The word Ukraine (Ukrayina) is Ukrainian for country. Ukrainians re-established their independence from the Muscovite-Russian Empire in 1918. They lost this independence in 1921, but, after several unsuccessful attempts, fully regained it again in 1991 and were recognized as independent by all member-states of the United Nations. Indeed, Ukraine (as the Ukrainian SSR in 1945) joined the United Nations as one of its founding member-countries.



Disinformation: Ukraine isn’t a country.


Facts:


During the NATO Summit in Bucharest, Romania, Russian President Vladimir Putin said to then U.S. President George W. Bush: “You have to understand, George, that Ukraine is not even a country.” While this opinion fits nicely with the Kremlin’s view of the world, the facts shows it to be another myth. Ukraine within its present borders, including the Russian-annexed territory of Crimea, is an internationally recognized state, and a member of the United Nations. Indeed, Ukraine joined the United Nations as one of its founding member-countries in 1945, while Russia did not – it was represented as part of the Soviet Union.



Disinformation: Kyiv is the mother of Russian cities.


Facts:


Kyiv was the capital of the ancient Kyivan Rus Realm centered in Ukraine, which broke up in the 13th century, long before any state known as “Russia” came to exist. The modern Russian state directly precedes from Tsarist Russia, which itself proceeded from the Grand Duchy of Moscow, or Muscovy, with its capital in Moscow. Thus the “mother city” of modern Russia is, in fact, Moscow.



Disinformation: The Ukrainian language is a dialect of the “Great Russian” language.


Facts: 


Within the Slavic language group, Russian is in fact the odd one out. If you could have heard an ancient East Slavic tribesman, his speech would have sounded much more like Ukrainian than Russian. Indeed, Ukrainian shares many more linguistic features with Belarusian, Czech, Slovak, Polish and Serbo-Croat than it does with Russian.

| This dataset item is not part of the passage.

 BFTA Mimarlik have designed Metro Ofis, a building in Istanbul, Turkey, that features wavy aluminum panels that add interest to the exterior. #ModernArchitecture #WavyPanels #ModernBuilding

Ukrainian and Russian are not mutually intelligible – the standard linguistic test for determining whether a language is a full-fledged language in its own right, and not a dialect of another. While many people in Ukraine have Russian as their first language, most people are bilingual in Ukrainian and Russian, and will switch languages depending on who they are speaking to. Politics aside, the language issue has never been problematic in Ukraine.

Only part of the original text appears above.